Lorsqu’elle a perdu son logement, elle a déménagé chez moi et s’est jointe à ma famille. Son fils bien-aimé Dakota s’est ajouté plus tard à notre cercle. Lorsque Cherry était âgée de 11 ans, elle s’est enfuie du domicile familial avec sa sœur pour échapper aux mauvais traitements de leur beau-père. Comme elles étaient des jeunes filles autochtones, elles ont été prises en charge puis aussitôt abandonnées dans la rue. Comme tant d’autres, elle a été exploitée, maltraitée et traumatisée à maintes reprises et a été victime de la traite de personnes entre Calgary et Vancouver. Elle nous a mis au défi de reconnaître la misogynie, le racisme et les préjugés fondés sur la classe sociale des hommes ordinaires — des pères, des époux, des grands-pères, des oncles et des frères — et, en particulier, des hommes jouissant d’un privilège considérable, qui traitent les enfants et les jeunes femmes comme des objets, de manière dégradante et déshumanisante, les exploitent et les maltraitent. Elle a mis au défi des policiers, des travailleurs sociaux, des politiciens et les Nations unies, de faire respecter les droits des femmes et des enfants.

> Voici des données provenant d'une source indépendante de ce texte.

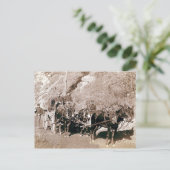 ブリオンステージコーチヴィンテージ ポストカード (スタンド正面)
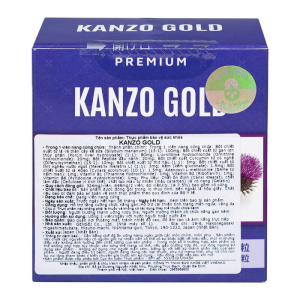 Kanzo Gold VKENKO hỗ trợ tăng cường chức năng gan 60 viên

Cherry était une femme brillante, éloquente, courageuse, généreuse et bienveillante. Elle s’est servie de son expérience pour ouvrir les yeux et les esprits de bien des gens. Elle a exigé que toute la société reconnaisse que des enfants étaient victimes de la traite et de l’exploitation des personnes et participaient contre leur gré au commerce du sexe. Grâce à elle, des organismes internationaux de protection des droits de la personne ont changé leur vocabulaire et cessé d’employer le terme « enfant prostitué ».
En 1996, Cherry et la sénatrice Pearson ont assisté au premier Congrès mondial contre l’exploitation sexuelle des enfants à des fins commerciales. En 1998, elles ont coprésidé le sommet international Sortir de l’ombre, qui portait sur l’exploitation sexuelle de la jeunesse. Elles ont présenté les résultats d’un programme d’intervention aux Nations unies. La même année, Cherry a corédigé le rapport Sacred Lives avec Melanie Mark, qui allait devenir ministre et députée de l’Assemblée législative de la Colombie-Britannique.
Elle a également fait cause commune avec l’ancien sénateur Roméo Dallaire et l’ancienne ministre Ethel Dorothy Blondin-Andrew, qui a proposé la candidature de Cherry pour le Prix du Gouverneur général en commémoration de l’affaire « personne » en 2000. Sur la Colline du Parlement, lorsqu’un membre du personnel de sécurité lui a demandé pourquoi on lui avait décerné une médaille, elle a aussitôt lancé cette boutade : « Pour qu’on m’empêche d’avancer! »
Je suis très reconnaissante d’avoir eu la chance de connaître et d’aimer Cherry. Je ne peux pas décrire à quel point elle me manque. Merci.